Minister obrony narodowej Mariusz Błaszczak publikuje spot wyborczy, w którym omawia dokładnie plany obrony NATO, a "na Kremlu otwierają szampany" - komentuje dla "Faktu" gen. Waldemar Skrzypczak, były dowódca Wojsk Lądowych.

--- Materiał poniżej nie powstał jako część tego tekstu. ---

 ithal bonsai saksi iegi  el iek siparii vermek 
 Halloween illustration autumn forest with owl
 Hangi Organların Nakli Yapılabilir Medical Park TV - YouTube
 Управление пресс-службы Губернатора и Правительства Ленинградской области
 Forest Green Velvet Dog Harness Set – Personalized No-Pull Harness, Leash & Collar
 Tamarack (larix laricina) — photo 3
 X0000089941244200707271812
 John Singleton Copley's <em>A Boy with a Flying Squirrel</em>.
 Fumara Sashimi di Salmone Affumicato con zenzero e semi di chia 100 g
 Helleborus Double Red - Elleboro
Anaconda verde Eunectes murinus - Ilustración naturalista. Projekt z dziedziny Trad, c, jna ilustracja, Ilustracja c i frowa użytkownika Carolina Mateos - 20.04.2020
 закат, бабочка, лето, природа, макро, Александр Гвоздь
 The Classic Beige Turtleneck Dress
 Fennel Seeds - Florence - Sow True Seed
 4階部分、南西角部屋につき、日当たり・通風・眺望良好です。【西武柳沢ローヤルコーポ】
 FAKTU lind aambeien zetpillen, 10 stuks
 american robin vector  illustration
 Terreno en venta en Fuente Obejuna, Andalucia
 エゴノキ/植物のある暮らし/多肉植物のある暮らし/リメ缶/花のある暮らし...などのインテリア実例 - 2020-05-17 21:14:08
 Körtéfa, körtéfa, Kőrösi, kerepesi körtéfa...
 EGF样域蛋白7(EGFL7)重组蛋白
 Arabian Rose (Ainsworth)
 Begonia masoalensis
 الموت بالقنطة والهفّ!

W spocie wyborczym PiS szef resortu obrony pokazał fragmenty "Planu użycia Sił Zbrojnych z RP" z 2011 roku. Błaszczak sugeruje w nim, że w razie ataku ze wschodu, rząd PO-PSL chciał oddać agresorowi cały wschód kraju, a bronić się na linii Wisły. Samodzielna obrona kraju miała potrwać dwa tygodnie [do momentu uruchomienia wojsk NATO - przypis red.], a już po tygodniu napastnik dotarłby na brzeg królowej polskich rzek. - Dokumenty dobitnie pokazują, że Lublin, Rzeszów i Łomża mogły być polską Buczą -
Prawo i Sprawiedliwość będzie broniło każdego skrawka Polski! 🇵🇱#BezpiecznaPolska pic.twitter.com/tV12dAUXji
— Prawo i Sprawiedliwość (@pisorgpl) September 17, 2023
- To jest konsekwencja dokumentów natowskich - grzmi gen. Waldemar Skrzypczak w "Fakcie". Dla niego karygodne jest pokazywanie takich dokumentów. - Jaka by nie była kampania wyborcza, to bezpieczeństwo Polski jest sprawą nadrzędną - podkreśla. Bo przecież plany te radykalnie nie uległy zmianie, bo doktryny NATO zasadniczo się nie różnią od tych sprzed 12 lat. Dla niego więc jest to ujawnienie aktualnych planów NATO, które mogą różnić się jedynie w szczegółach. Wskazuje także na termin - nawet gdy jakieś dokumenty się dezaktualizują, to Sojusz ujawnia je najszybciej po upływie 50 lat.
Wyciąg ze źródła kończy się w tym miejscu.